これで「おまえ,弘前の夜桜を見たことはあるか」と聞かれたら,「はい,あります。」と自信を持って答えられる。

春はうれしや 二人揃って 花見の酒 庭の桜に おぼろ月
端唄「春はうれしや」より

夜桜はいいもんだ。

おじさんが「おえー,ぴったしかんかんでねえかー」と感嘆の声をあげていた。「ぴったしかんかん」とはまた懐かしい表現だと思いつつ,妙に耳に残った。

弘前20:22発→秋田22:31着 特急日本海4号

おぼえているかい 別れたあの夜 泣き泣き走った 小雨のホーム 上りの夜汽車の にじんだ汽笛 せつなく揺するよ 俺らのナ 俺らの胸を
作詞:矢野亮 作曲:林伊佐緒 歌:三橋美智也「リンゴ村から」より

三橋美智也の「リンゴ村から」がヒットしたのは昭和31年。

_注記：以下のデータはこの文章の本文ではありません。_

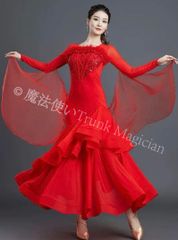 TAKADANCE タカダンス 高級 社交ダンス 衣装 モダンドレス 光沢 赤 TAKA DANCE タカダンス 高級 社交ダンス 衣装 モダンドレス 光沢 赤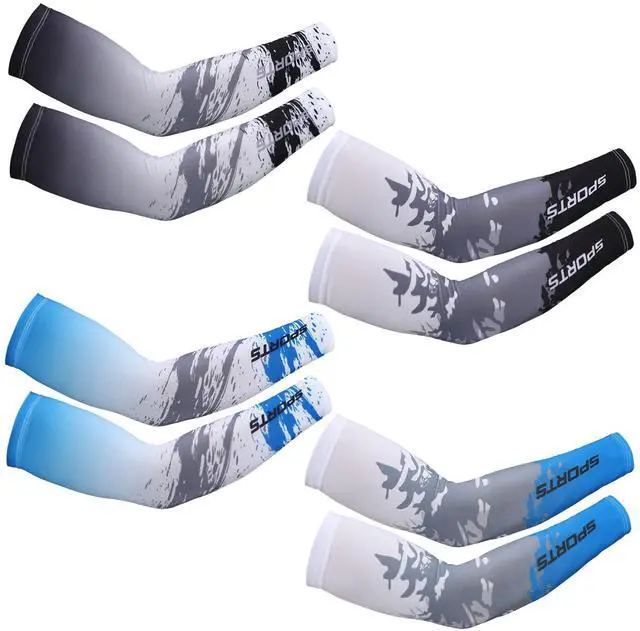 Main image of 4 Pairs UV Sun Protection Arm Sleeves Cooling Sports Sleeve Anti Slip Ice Silk Warmers Arm Covers for Men Women(Blue Black,X-Large)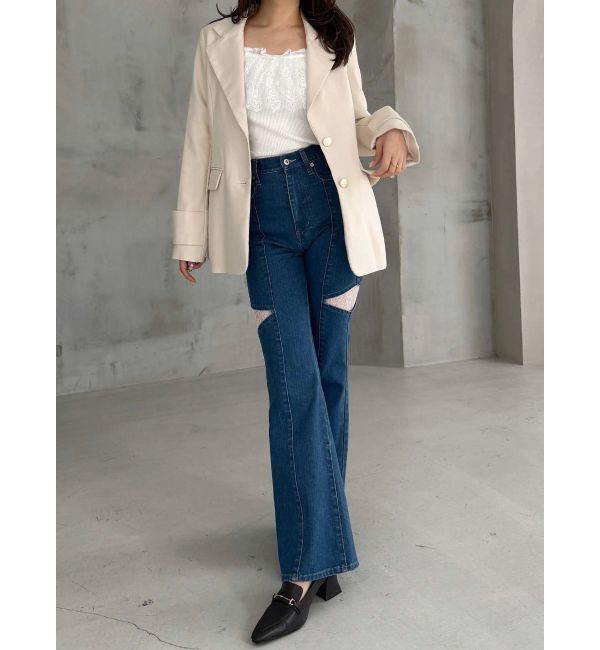 MERCURYDUO「【セットアップ着用可】フィットアンドフレアジャケット」|テーラードジャケット|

そのときからもう青森と大阪を結ぶこの「日本海」という列車はあった。昭和25年の誕生から半世紀あまり,この列車は東北の人たちの夢を運び続けている。

今日中に少しでも南に進もうということで,秋田へ向かう。寝台特急の座席利用であるが,立席ではなくきちんとした指定席として利用できる。しかし旧来の4人ボックスよりは余裕があるものの,特急なのに直角の座席というのはあずましくない。それに秋田に近づく頃には毛布・シーツの準備をするために,いったん席を空けなければならなかった。青森→秋田の特急は夕方以降の3本がこうした寝台車の座席利用となるわけだが,旅の人にはもの珍しく感じられるが,地元の人はかわいそうだ。

 
本日の御宿は秋田シティホテル。4200円の安宿で,電話はダイヤル式,掛け布団は毛布とシーツだけだった。それでありながら「シティホテル」を名乗るだけあってどことなく高級感あり,まあまあ良い宿だったと思う。

さくらと私 その2   文部省唱歌「さくらさくら」

さくら さくら 野山も里も 見渡す限り
霞か雲か 朝日ににほふ
さくら さくら 花盛り

小中高をとおして,小学4年のときの担任の先生が私にとってはいちばん良かったと思っている。歌もうまいし,絵もうまいし,スポーツもできるし,知識も豊富だし,いまだにその先生を超えるような人には会ったことがない。
その先生は自由主義で何でもやらせてくれた半面,厳しい面もあった。いちばん嫌だったのは歌のテストである。
当時,私のやることを何でも悪く言う友人が1名おり,人前で何か実技をするというのが非常に嫌だった。歌のテストは曲を自由に選べて,歌でなくても口笛でもよいというものだった。そうやって自由にやらされるのは余計困る。私自身音楽は好きな科目だったので,自信がなくもなかったのだが,選んだのは最も安直で無難と思われる「さくらさくら」だった。先生の弾くピアノの前に行って低い声でぼそぼそと歌った。例の友人はそれをしっかりと聞いており,その後何年もの間,お前は歌が下手だと言われ続けた。
小学校から大学院修了までの15年間で,人前で1人で歌ったのはこのときと小3のとき罰ゲームで「春の小川」を歌った2回だけである。
2年前の4月,就職して初日にさっそく歓迎会があった。2次会ではカラオケに連れて行かれた。カラオケもそのときが初めてで面食らった。何か歌わなければならなくなったので,三波春夫の「チャンチキおけさ」を歌った。それが妙にうけた。それ以来,カラオケに行くと調子に乗って古い歌ばかり歌っている。昨日4月26日の夜には釧路で「イヲマンテの夜大歌謡祭」なる催しが開かれ,それに出ないかとの声もかかったのだが,旅行の準備に追われて出られなかったのが残念である。